Mindy Keith | Age: 28 | Hometown: Portland

"It's about getting people out of their comfort zone."—Mindy Keith
Image: Stuart Mullenberg
Mindy Keith owes her chile-spiced pastry gig at Xico to a surprise birthday cake. In 2010, the relentless baker was juggling jobs at two local cafés, private catering work, and shifts as a food runner and host as Nostrana. “I was making my own tortes, cheesecakes, and different little creations and surprising people at parties,” she says. “I’d bring in cookies for the Nostrana staff, too.” One of her tasters was Nostrana general manager Elizabeth Davis, who, continually impressed by the former artist’s “creative” desserts, snatched her up when she opened her own restaurant, Xico, in 2012. Since then, it’s been a match made in cross-cultural dessert heaven.
Instead of sticking to her tested roster of treats, Keith married her whimsical aesthetic to Xico’s authentic Mexican flavors. “I like things that are really...involved,” she says, gesturing to a white plate holding a puckery Mexican lime paleta, a shot of Sombra mezcal, and two tiny mounds of dried chile and sal de gusano (worm salt), served in a rocks glass. (To consume this little ode to Mexico, you upend the popsicle in the booze and sprinkle, nibble, and sip as it melts into a wonderfully sweet, salty, smoky liqueur.) Other creations feature Woodblock cocoa nibs in a lacy chocolate brittle so intense it’s reminiscent of fried cheese, or the humble Chick-O-Stick transmuted into a peanut-buttery coconut truffle.
Keith’s willingness to tinker with new ingredients without sacrificing an ounce of a dessert’s essential luxurious nature is her strength—you get the feeling this research-obsessed pastry chameleon would be equally at home creating African- or Chinese-influenced desserts with access to a cabinet of spices and an Internet connection. “Some of her visions are incredibly complex,” Xico chef Kelly Myers says. “It’s the stuff of magazine pictorials and really serious dining establishments.” Keith shrugs off thoughts of her future career in favor of plans to travel to Oaxaca in January for inspiration. “I rarely get dessert when I go out to eat at restaurants, because it’s really boring, and usually too sweet” she admits. “It’s about getting people out of their comfort zone.”
• Mindy’s Résumé: Pastry chef at Xico; manager and baker at Dragonfly Café; host/runner at Nostrana; baker at St.
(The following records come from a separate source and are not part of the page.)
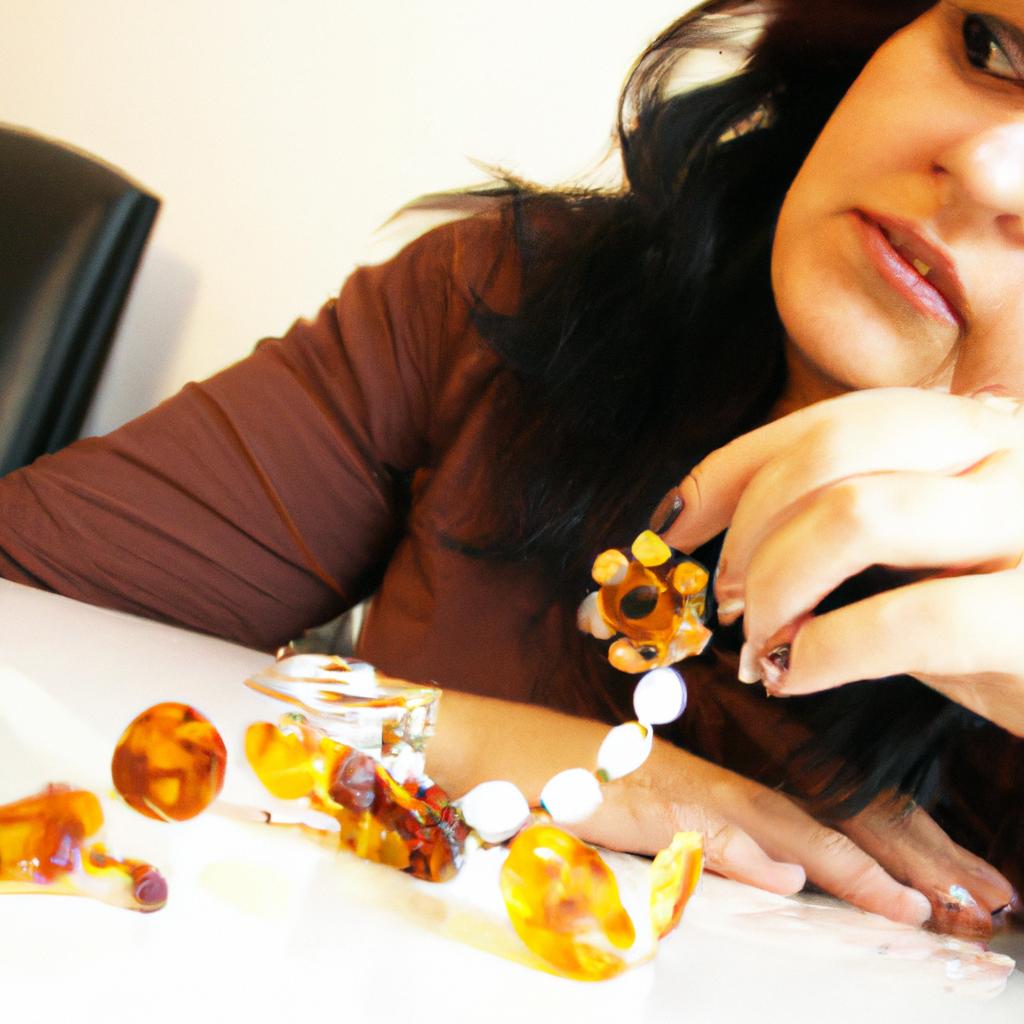 Woman examining citrine gemstone jewelry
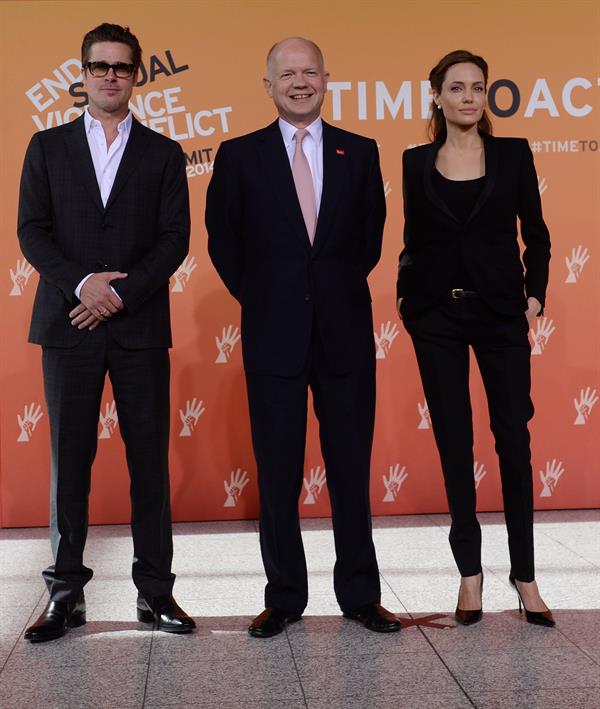 Angelina Jolie and Brad Pitt attend End Sexual Violence in Conflict Summit in east London, June 12, 2014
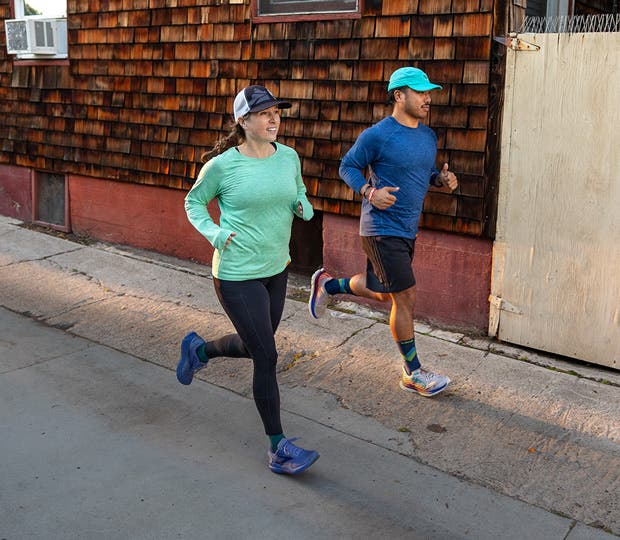 Two runners in the new Injinji Performance Shirt Collection short and long sleeve shirts.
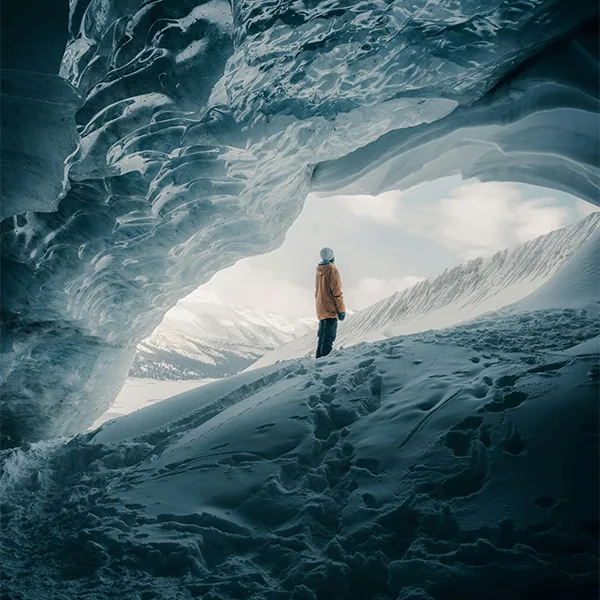 Traveller standing in a glacier ice cave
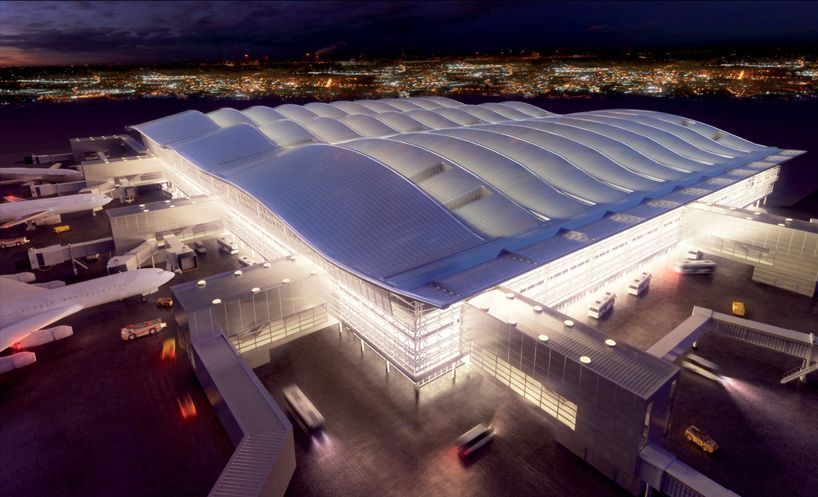 Airport terminal lit up at night, with a curved roof and city lights in the background.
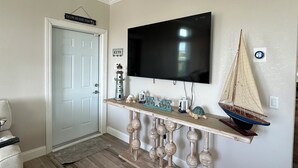 Un salón con una mesa consola de madera, un televisor montado y una decoración con un velero.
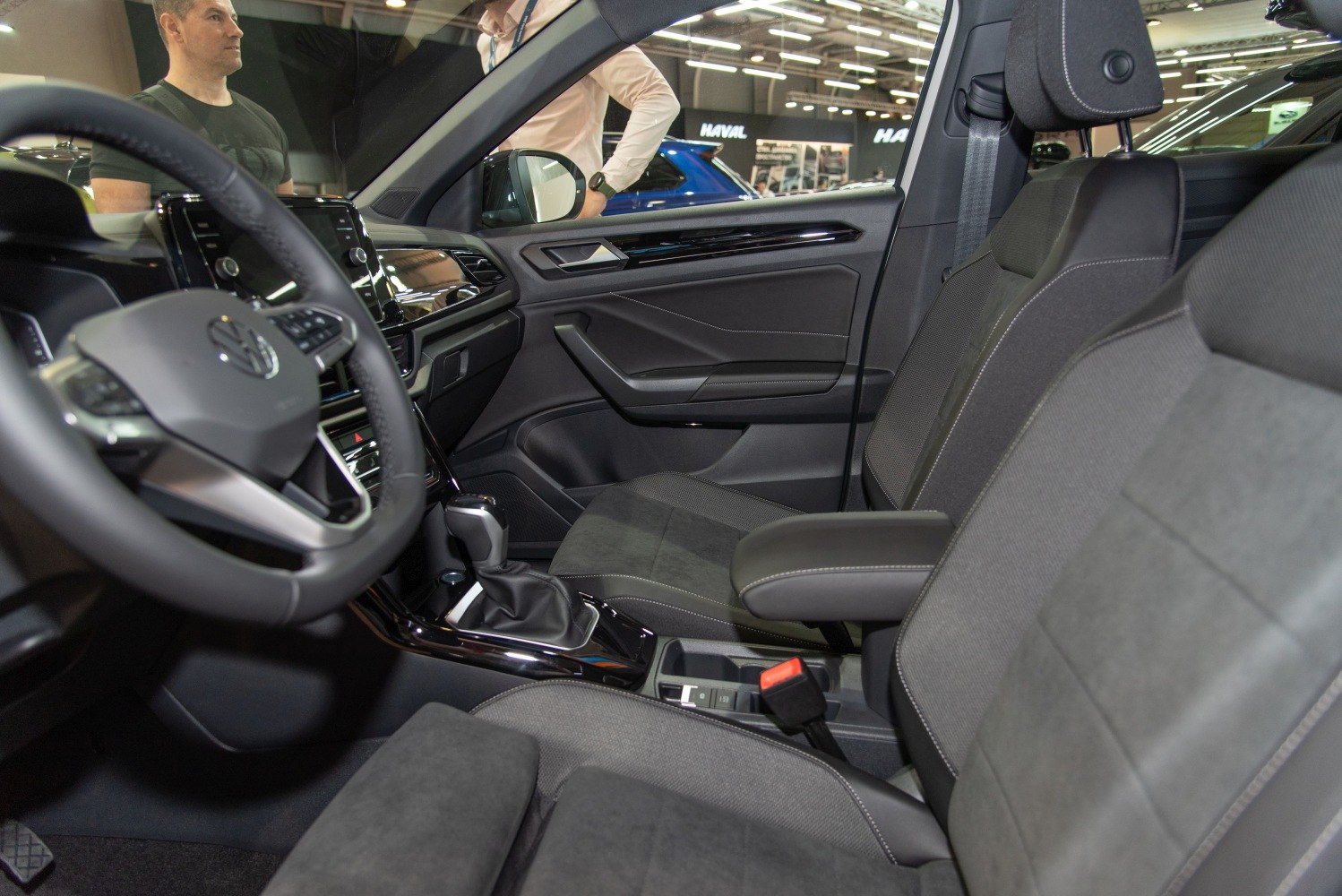 Modern car interior with dashboard, upholstery, and gear shift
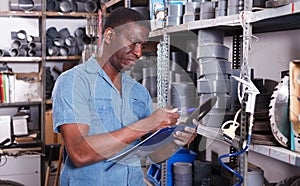 Worker taking inventory in store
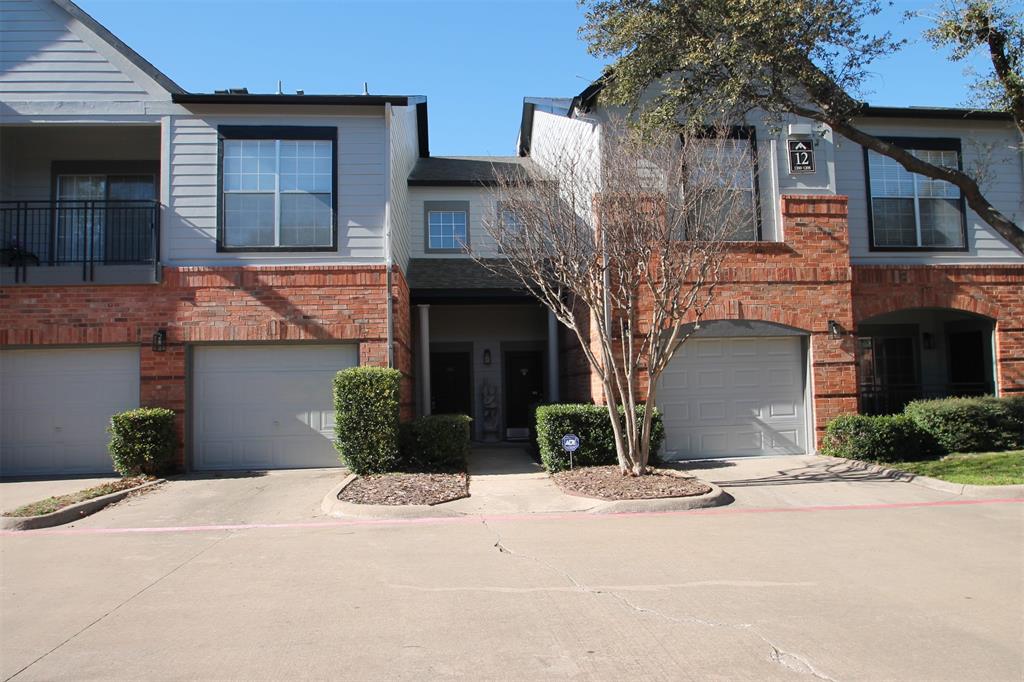 Townhome / multi-family property featuring a garage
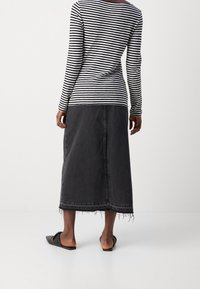 Gestreiftes Langarmoberteil in Schwarz und Weiß, kombiniert mit einem langen Jeansrock in Dunkelgrau, der einen ausgefransten Saum und schwarze Flip-Flops mit offenen Zehen hat.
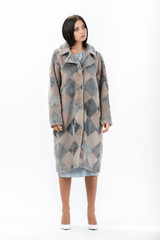 girl in a fur coat on a white background for a catalog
Honoré; photographer; herbalist at Dragon Herbarium
• Biggest fan: “She took her French background and was able to create this amazing Mexican dessert cuisine through research and intuition,” says Nostrana co-owner and local food grande dame Cathy Whims. “I’m not even a big dessert fan, but I can’t stop eating her cocada. She’s just a little powerhouse and has a beautiful aesthetic.”
• Signature Dish: Xico’s candy plate, which looks like a line of weathered miniature Aztec ruins. It consists of five elements: a pyramid of dense Colombian chocolate laced with rum and smoked chile salt; sour, chewy tamarind–chile de arbol fruit leather; hibiscus and guava pâtes de fruits; spiced candied nuts; and sesame brittle. (Off the job, Keith is still known to show up at friends’ parties with creamy goat cheese cheesecakes with candied kumquats, kumquat compote, and dark chocolate chunks.)
• Biggest Obstacle: “Mindy is such a perfectionist that it’s hard for her to accept the reality that you can’t constantly monitor every single dessert that goes out because you’ll exhaust yourself completely,” says Davis. “You have to let it go a little bit.”